Subject Area Political Science
Term from 2014 to 2019
Project identifier Deutsche Forschungsgemeinschaft (DFG) - Project number 265442168
 
The optimism of the 1990s that, after the end of the block confrontation, fundamental norms would diffuse globally has been unsettled in recent years. Even fundamental human rights have witnessed severe contestation. Time and again conflict erupts around international norms such as the torture ban or the international responsibility to protect. At the same time, it remains contested in existing research how such conflicts around norms affect the robustness of norms, if they contribute to their weakening or to their strengthening. The liberal-constructivist norm research has, initially, not analyzed conflicts around norms; latest research in this branch conceptualizes norm contestation as a sign of norm weakening. In contrast, critical research on (legal) norms assigns contestation a normative power of its own which strengthens norms by their continuous actualization. It remains an open question, however, how much conflict a norm can bear while still being perceived as a shared normative expectation by their addresses. We analyze when contestation leads to norm weakening or to norm strengthening.

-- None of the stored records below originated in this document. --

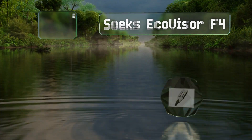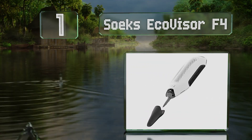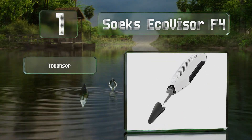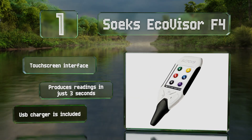Coming in at number 1 on our list, the versatile Soeks Eco Visor F4 is a four-in-one model that can monitor radiation, electromagnetic fields, nitrates, and total dissolved solids. It's equipped with a touchscreen interface, includes a USB charger, and produces readings in just three seconds.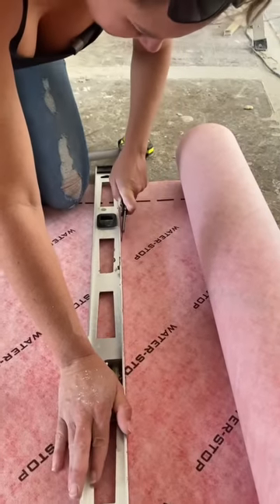Ever wonder how to install a waterproofing shower system? Misha from Winnie Designs flew down to Florida to show me how to install this Guru shower system.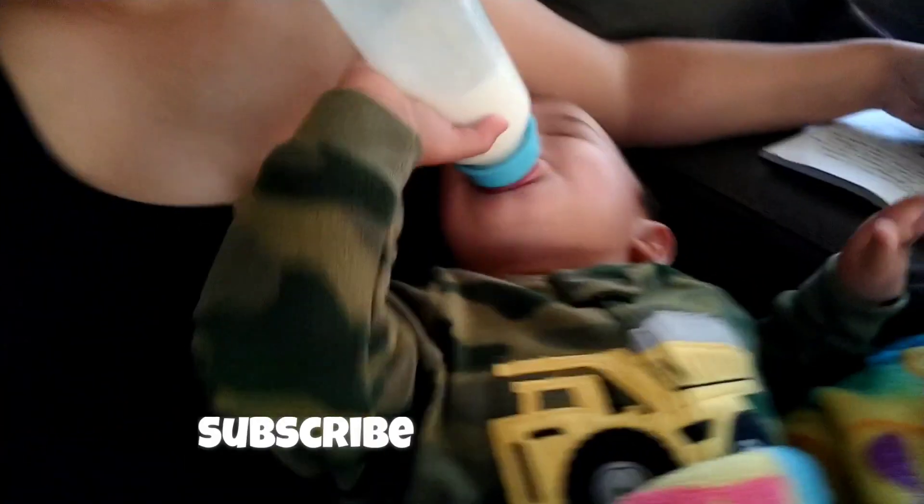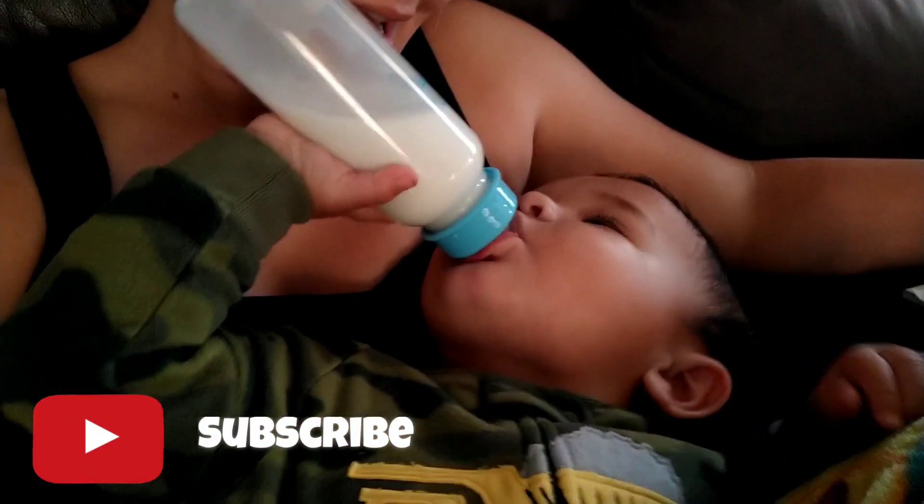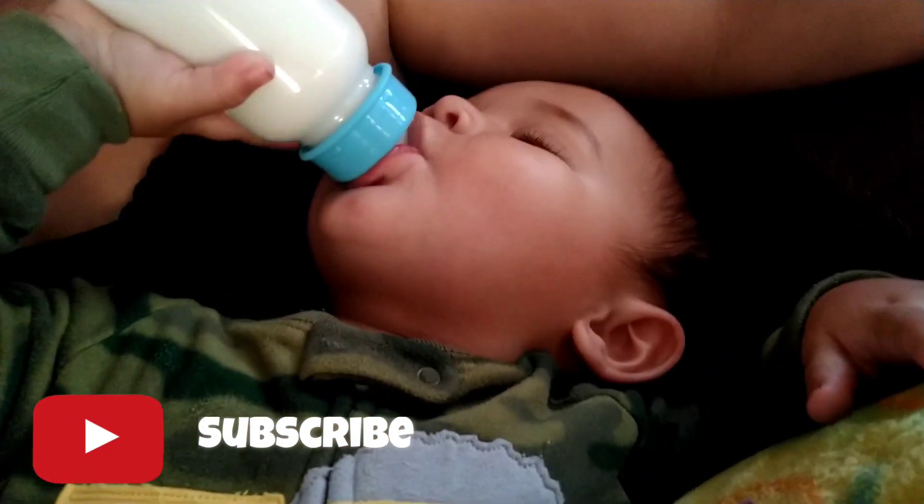Hello, good morning everyone. Happy Wednesday. I'm a hot mess, I just woke up. Mr. Malachi is right here drinking his bottle. Say hello to everybody.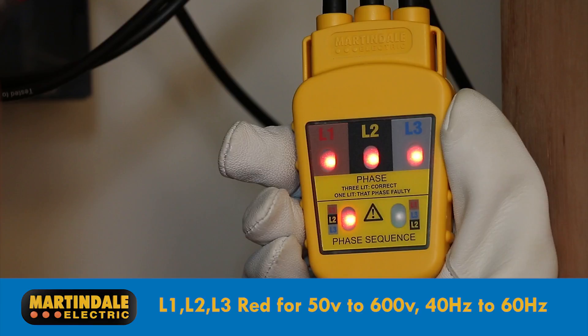The top L1, L2 and L3 LEDs will indicate red if a line voltage of between 50 and 600 volts at 40 to 60Hz is detected. Correct phase indication is given by a red LED in the L1, L2, L3 sequence indicator, with the L1, L3, L2 indicator remaining unlit.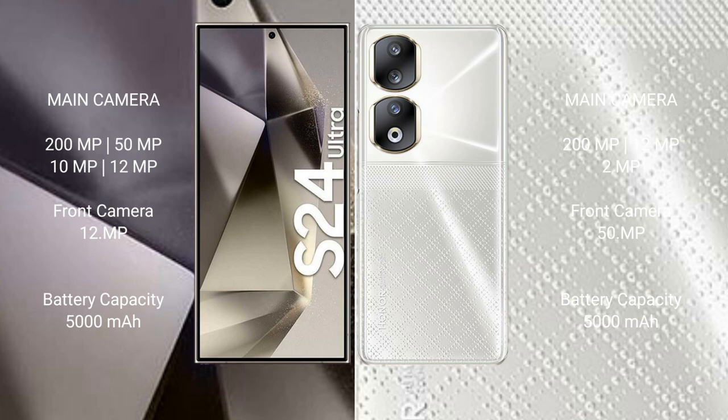The Samsung Galaxy S24 Ultra features a quad camera setup: 200 megapixels plus 50 megapixels plus 10 megapixels plus 12 megapixels, with a 12-megapixel front camera. The Honor 90 has a triple camera setup: 200 megapixels plus 12 megapixels plus 2 megapixels, with a 50-megapixel front camera.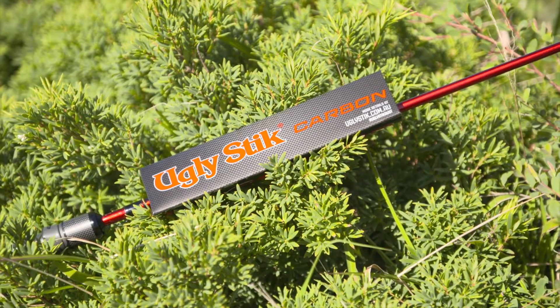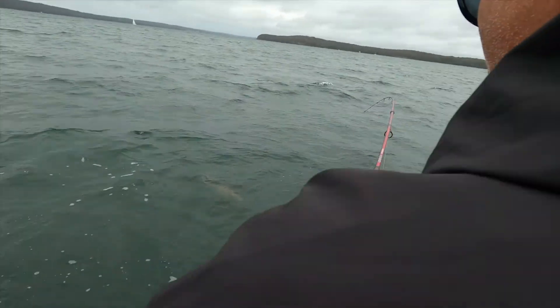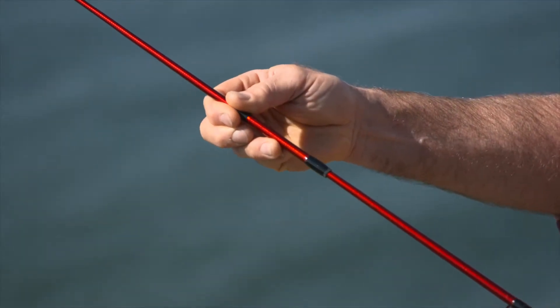The new Ugly Stick carbon comes in this fantastic candy apple red colour in both casting and spin models. There's a range of sizes to suit all of your fishing needs, both one and two piece.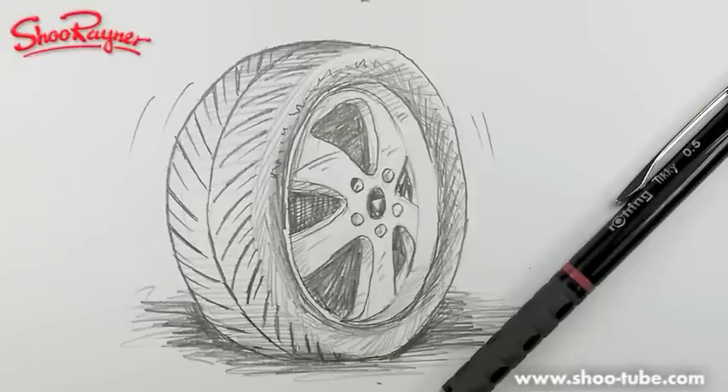Hi there, this is Shoe Rainer at the Shoe Rainer Drawing School, and today I'm going to show you how to draw a car tyre. Why? I don't know — let's not talk about it, let's just do it.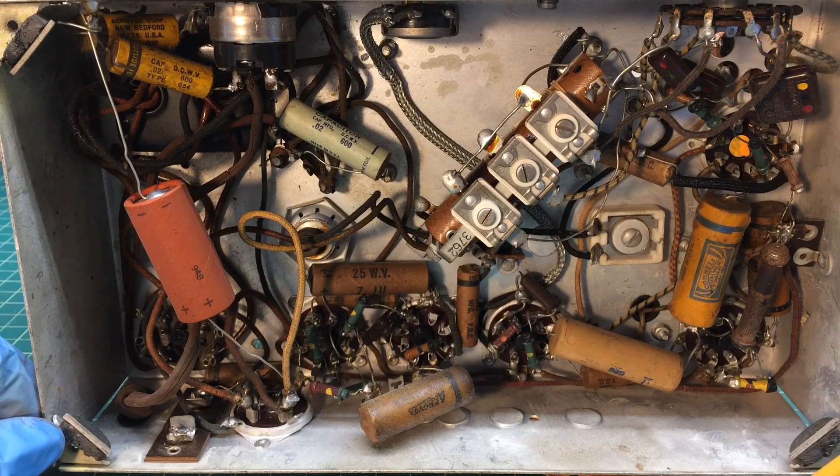I appreciate you guys joining me. Thanks for watching again — this is the Music Air, Coast to Coast Stores Radio from 1939.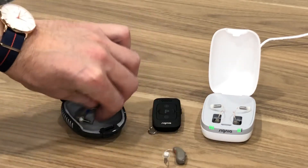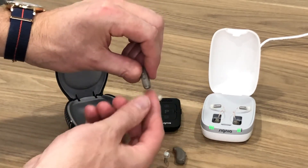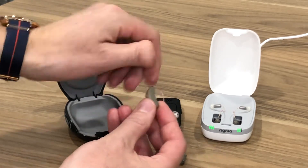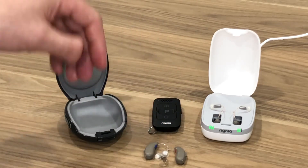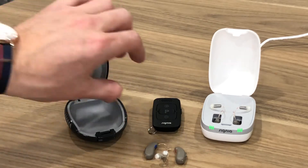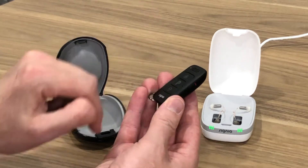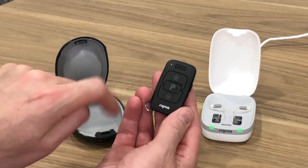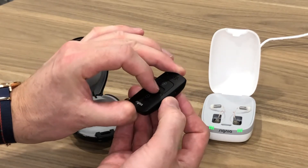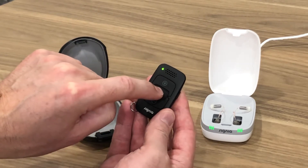Do the same to the other one. If you have two hearing aids you have to make sure you pair your remote to both of them. Turn off the hearing aid by opening the battery compartment, then turn it back on. Hearing aids take about four or five seconds to activate once the battery door is closed, so give it a few seconds. Pick up the remote — it starts in the off position. Put your finger on the program button P, pin it down, then while it's pinned down turn the remote on, and keep your finger pinned down on that program button.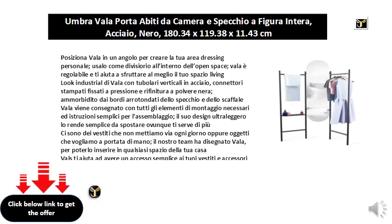Vala is delivered with all the necessary assembly elements and simple instructions for assembly. Its ultralight design makes it easy to move wherever you need it most.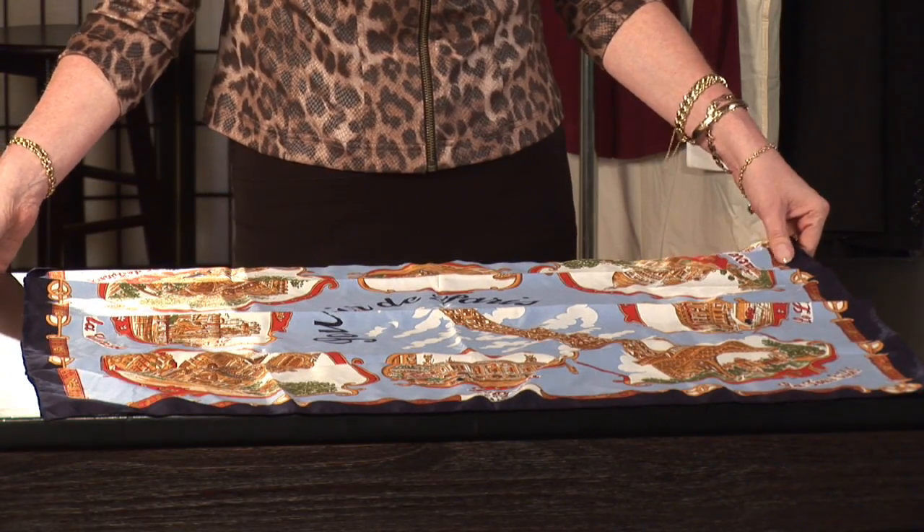Scarfs make great accessories, and there's lots of different ways to fold them. Hi, I'm Kelly Mashbits, your Tampa Bay Fashion Expert, and I'm going to show you how to fold a square scarf.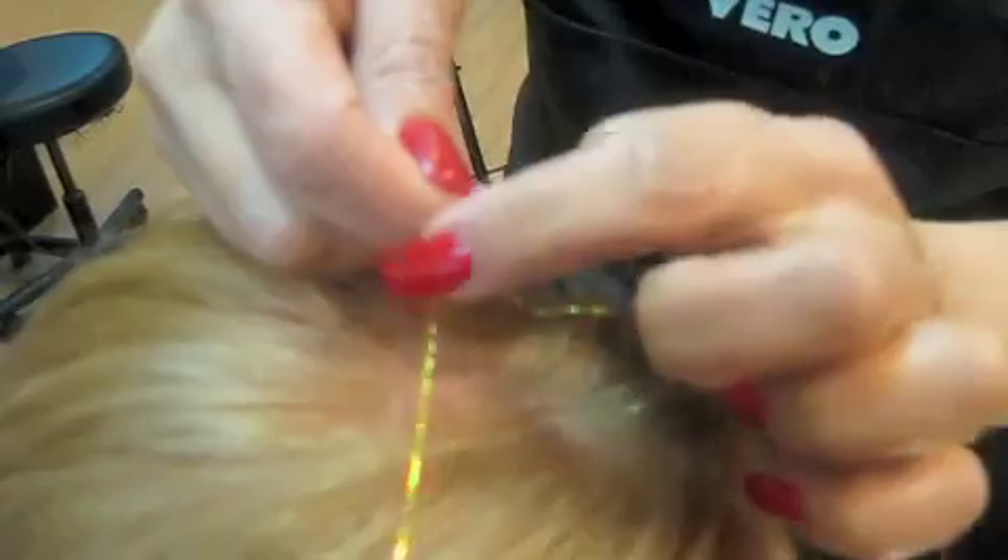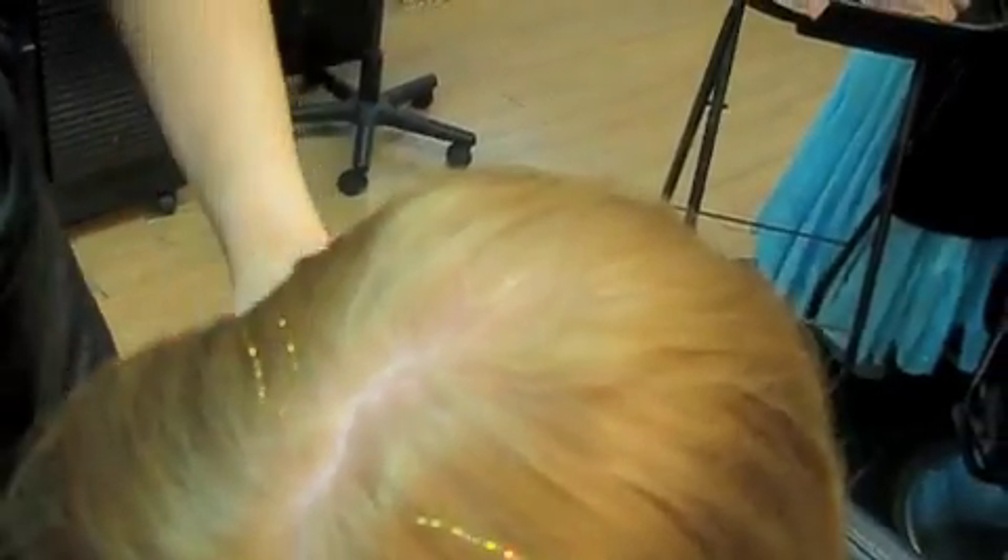You tie it in a knot, and then you bring the knot all the way down to the ends. Then you can tie it one more time to make sure it's going to stay. Just got a little sparkle going on in your hair. How big a piece do I tie it to? However big you want. You make sure your hair is long enough. You hold the two strands together, tie it in a knot and then bring the knot all the way to the end. Tie it and make another knot.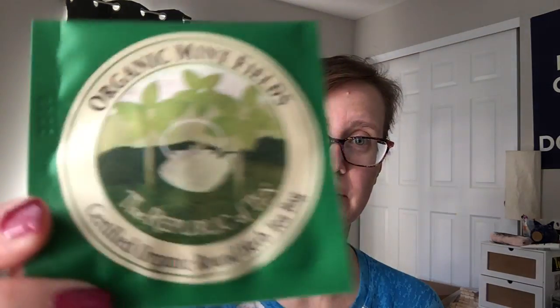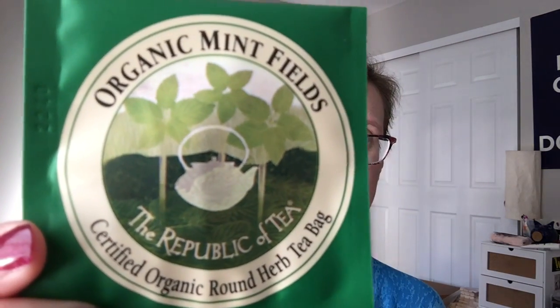Next is the Republic of Tea Organic Mint Fields. It is a peppermint and spearmint blend, so it's very similar to plantation mint. It was a mint tea.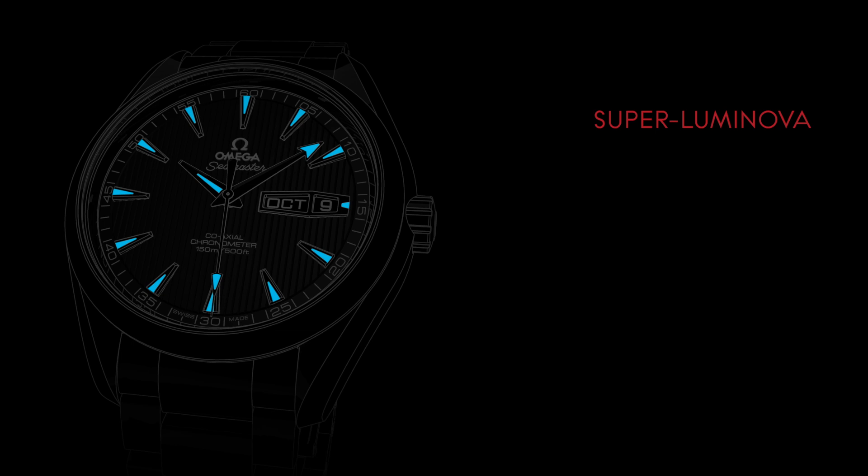For ease of reading in low light conditions, the watch's hands and applied indexes are coated with Superluminova, which emits a blue light.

We tackle this question with a comparative design of four case studies of highly contested norms and two cases of norms that have completely eroded. Utilizing insights fom the discourse theory of law and normativity (Deitelhoff 2006; Günther 1988; Habermas 1992), we analyze (1) the hypothesis that norm robustness depends on the type of contestation, thus, if contestation concerns the dimension of application or the dimension of validity. (2) We will also investigate which factors advance a specific form of contestation and, linked to this, a change of norm robustness.